ライセンス事業では、日本国内におけるムーミンキャラクターの使用許諾に関する独占的な権利を供与されたサブライセンサーとして事業を展開しております。2019年4月より東京、大分、石川、名古屋までの4会場で約24万人の来場者を動員している原画展「ムーミン展THE ART AND THE STORY」や、ムーミンバレーパークの開業による話題と合わせ注目度が大きく拡大したことによりライセンス収入は着実に拡大しております。しかしながら、当第3四半期に入ってからは、コロナ禍により2020年4~5月に予定していた原画展(岩手展)をはじめ多くのイベントが中止に追い込まれ、またライセンシーの主要販路である大型商業施設の休業などの影響を受け、成長が鈍化しました。これに対応し、運営するムーミン公式サイトで積極的なプロモーションを展開するなど、オンライン販売を始め今後需要が伸びると予想される販路や商品分野を強化しております。また、アニメ放映権を保有する新作テレビアニメシリーズ「ムーミン谷のなかまたち」は、NHK BS4Kで2019年4月から現在まで継続して放映(再放送含む)されており、DVD/BDやオンライン配信も好評です。これらの結果、2019年10月以降23の新規契約先を獲得し、ライセンス事業の売上高は1,065百万円(前年同期比13.8%増)となりました
エンタテインメント・サービス事業の売上高は、前第2四半期の2019年3月16日に開業したムーミンバレーパークの運営収益が期初から貢献したことやライセンス事業が増収となったものの、臨時休園による機会損失があった結果、3,298百万円(前年同期比10.5%減)となりました。セグメント損失は、開業準備費用負担がなくなったものの、臨時休園により売上高が減少したことにより414百万円(前年同期は345百万円の損失)となりました。
(2) 財政状態の状況
(総資産)
当第3四半期連結会計期間末における総資産は前連結会計年度末より11.1%減少し、16,922百万円となりました。これは主として、現金及び預金が511百万円、新規投資の実行があったものの分配及び不動産信託受益権の販売が進んだことにより営業投資有価証券が91百万円、不動産開発案件のエグジット(売却)により販売用不動産が214百万円、消費税の還付により流動資産のその他に含まれる未収消費税等が624百万円、ムーミンバレーパークの建物、内外装等の減価償却等により建物及び構築物(純額)が100百万円それぞれ減少したしたことによるものであります。
(負債)
当第3四半期連結会計期間末における負債は前連結会計年度末より7.0%減少し、9,441百万円となりました。これは主として、不動産開発案件のエグジットに伴う借入金返済により短期借入金が252百万円、長期借入金が88百万円、固定負債のその他に含まれる長期リース債務が167百万円それぞれ減少したことによるものであります。
(純資産)
当第3四半期連結会計期間末における純資産は前連結会計年度末より15.7%減少し、7,480百万円となりました。これは主として、親会社株主に帰属する四半期純損失の計上等により利益剰余金が1,045百万円、非支配株主持分が333百万円それぞれ減少したことによるものであります。
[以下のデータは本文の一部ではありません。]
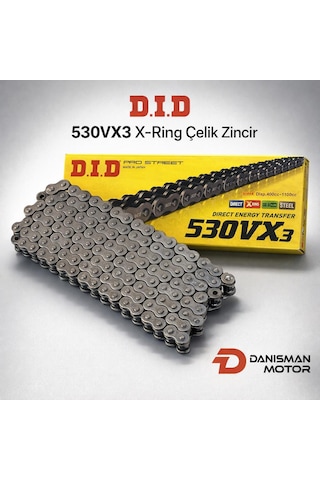Dıd 530vx3 X-ring Çelik Motosiklet Zinciri 530 Vx3 128 Bakla Çelik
(3) 経営方針・経営戦略等及び経営上の目標の達成状況を判断するための客観的な指標等
当社は、2019年11月8日開催の取締役会において、2020年9月期を最終年度とする3ヶ年の経営計画(以下「中期経営計画」)を見直し、2020年3月頃を目途に公表する予定としておりましたが、2020年3月19日開催の取締役会において、新型コロナウイルス感染症の感染拡大による業績への影響を見極めるため、中期経営計画の見直しを一旦取りやめて、新たな中期の経営計画策定を、事態収束後、改めて検討することといたしました。
(4) 事業上及び財務上の対処すべき課題
当第3四半期連結累計期間において、新型コロナウイルス感染症の感染拡大により、メッツァにおいて臨時休園や入園者数の減少など、当社グループの事業活動は影響を受けたことから、前事業年度の有価証券報告書に記載した事業上及び財務上の対処すべき課題について、追加すべき事項が生じております。その内容は、「(1) 経営成績の状況 ③ エンタテインメント・サービス事業」に記載しております。
(5) 研究開発活動
該当事項はありません。
(6) 従業員数
① 連結会社の状況
当第3四半期連結累計期間において、連結会社の従業員数は前連結会計年度末に比べ17名減少し、当第3四半期連結累計期間末において150名となりました。これは主に、人員削減などにより投資銀行事業において12名減少したことなどによります。
② 提出会社の状況
当第3四半期累計期間において、当社の従業員数は前事業年度末に比べ10名減少し、当第3四半期累計期間末において29名となりました。これは主に、子会社フィンテックアセットマネジメント㈱への出向などにより、投資銀行事業における人員が減少したことなどによります
なお、従業員数は、当社から他社への出向者を除き、他社から当社への出向者を含む就業人員数であります。
(7) 生産、受注及び販売の実績
当第3四半期連結累計期間において、販売の実績に著しい変動がありました。その内容については「(1)経営成績の状況」に記載の通りであります。
また、生産の実績に著しい変動がありました。生産実績をセグメントごとに示すと、次のとおりであります。
| セグメントの名称 | 内 訳 | 生産高(千円) | 前年同期比(%) |
| 投資銀行事業 | 不動産開発等 | 140,437 | △90.6 |
(注) 生産高は、評価損等による減少を除く販売用不動産及び仕掛販売用不動産の増減額に売上原価を加えた金額により表示しております。
(8) 主要な設備
当第3四半期連結累計期間において、主要な設備の著しい変動はありません。